*MATERIAL TO PROCESS*.
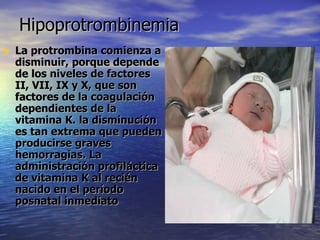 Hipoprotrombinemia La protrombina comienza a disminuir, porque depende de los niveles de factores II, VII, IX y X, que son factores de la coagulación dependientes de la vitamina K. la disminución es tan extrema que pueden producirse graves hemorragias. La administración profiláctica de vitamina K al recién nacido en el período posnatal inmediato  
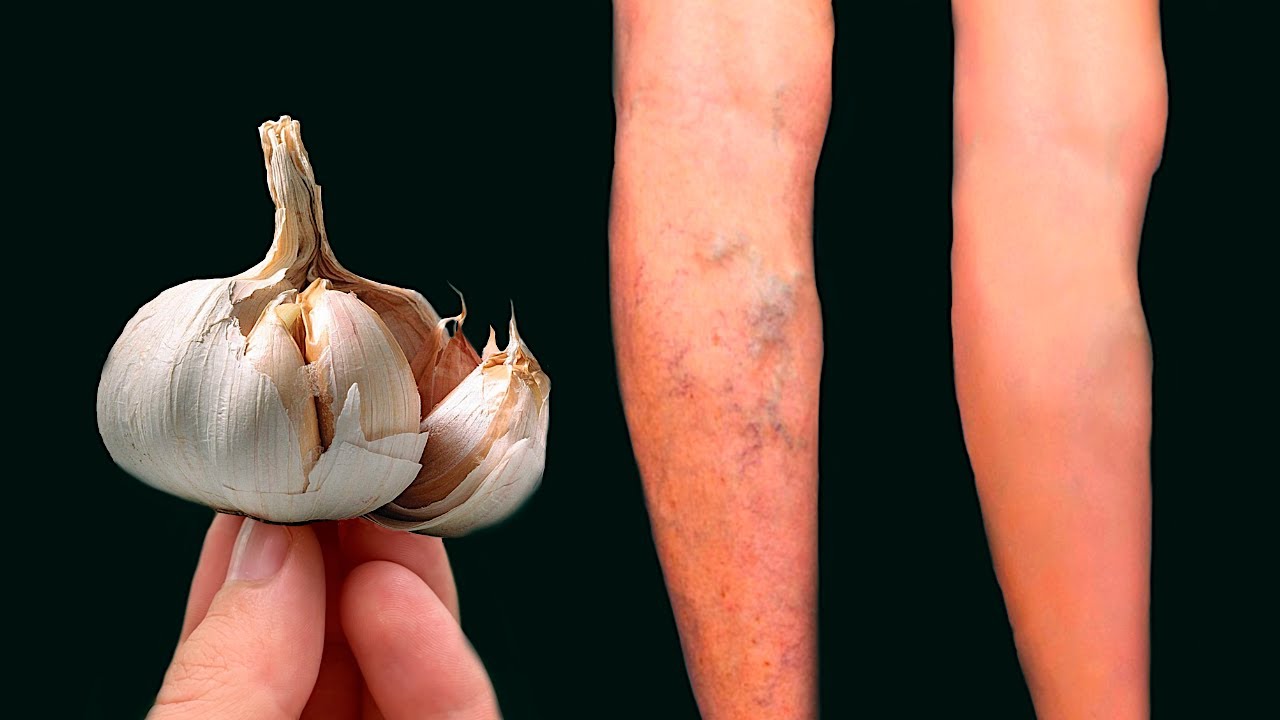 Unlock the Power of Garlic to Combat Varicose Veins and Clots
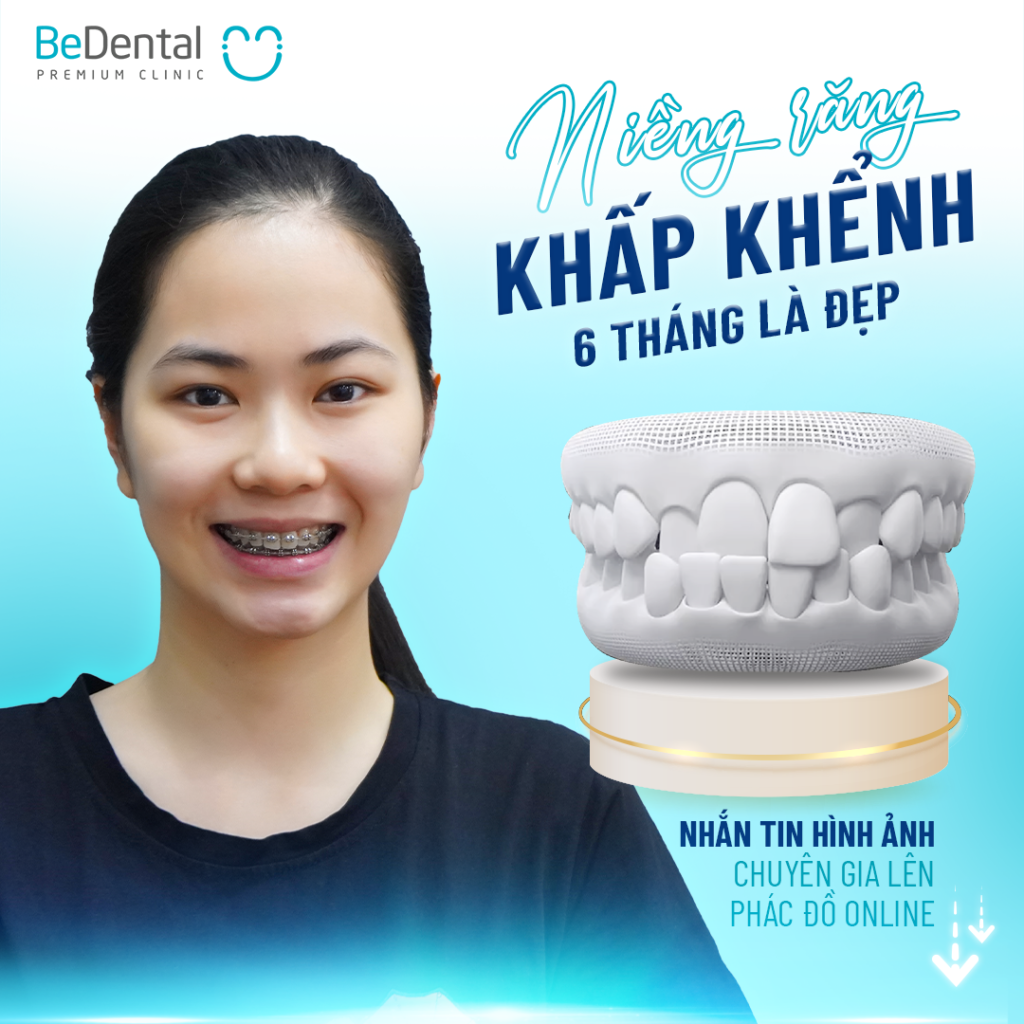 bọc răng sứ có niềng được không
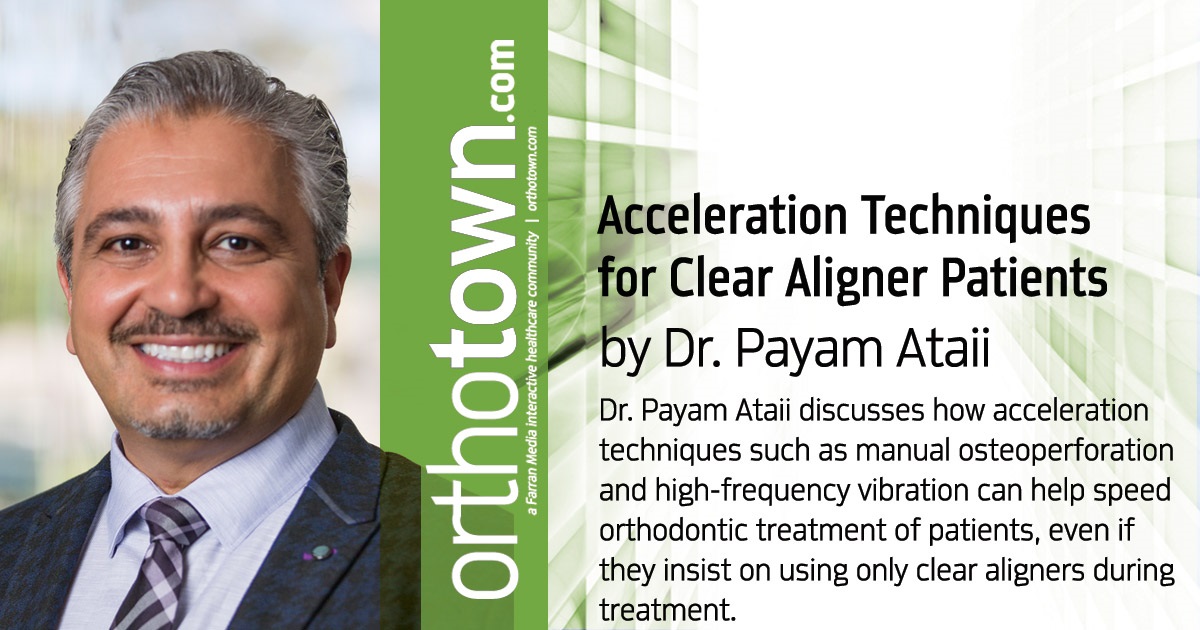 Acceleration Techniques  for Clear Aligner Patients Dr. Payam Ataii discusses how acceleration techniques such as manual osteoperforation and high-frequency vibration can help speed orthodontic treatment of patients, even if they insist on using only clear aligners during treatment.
==
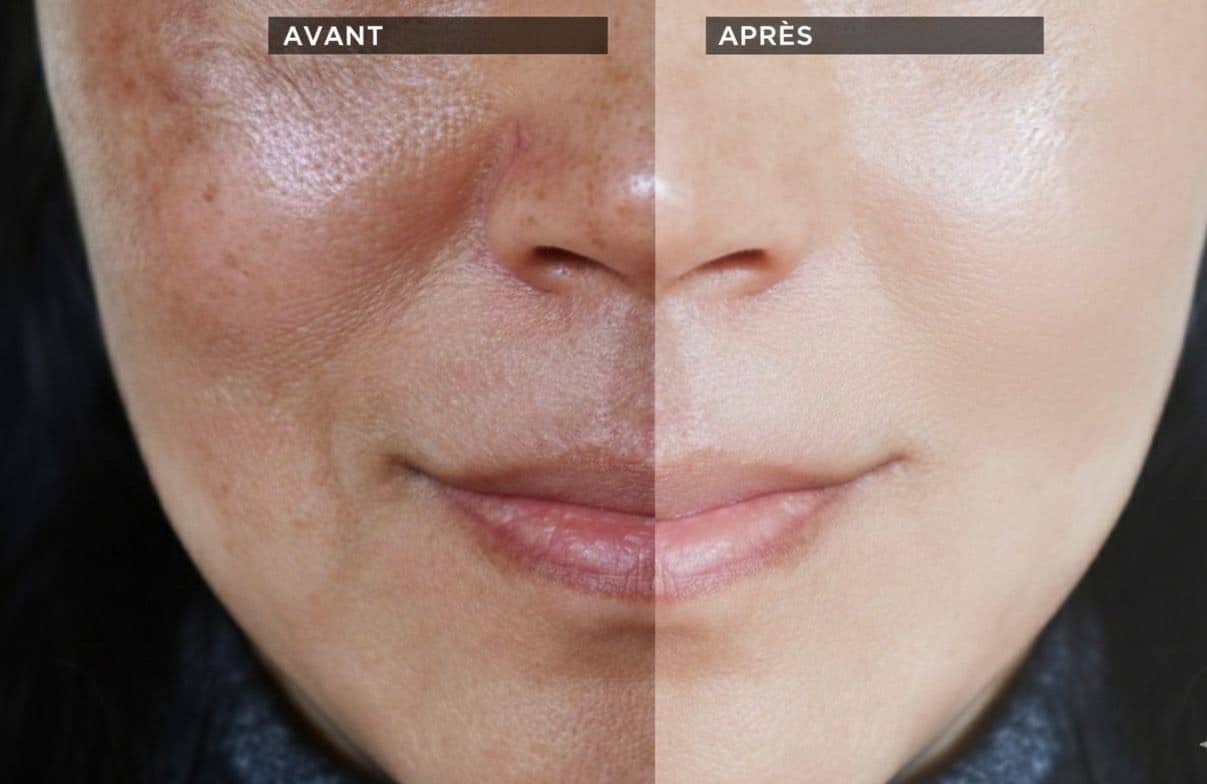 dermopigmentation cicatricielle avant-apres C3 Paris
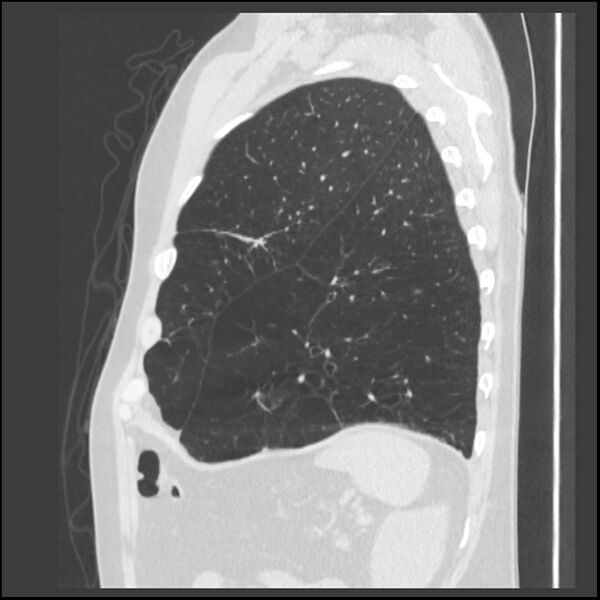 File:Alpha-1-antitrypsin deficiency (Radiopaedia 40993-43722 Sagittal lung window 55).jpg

*PROBLEM DESCRIPTION*. Return, exactly as they stand, the lines above from the one with "Hipoprotrombinemia La protrombina" to the one with "aligners during treatment.", omitting any pictures among them.

*RESPONSE*.
 Hipoprotrombinemia La protrombina comienza a disminuir, porque depende de los niveles de factores II, VII, IX y X, que son factores de la coagulación dependientes de la vitamina K. la disminución es tan extrema que pueden producirse graves hemorragias. La administración profiláctica de vitamina K al recién nacido en el período posnatal inmediato  
 Unlock the Power of Garlic to Combat Varicose Veins and Clots
 bọc răng sứ có niềng được không
 Acceleration Techniques  for Clear Aligner Patients Dr. Payam Ataii discusses how acceleration techniques such as manual osteoperforation and high-frequency vibration can help speed orthodontic treatment of patients, even if they insist on using only clear aligners during treatment.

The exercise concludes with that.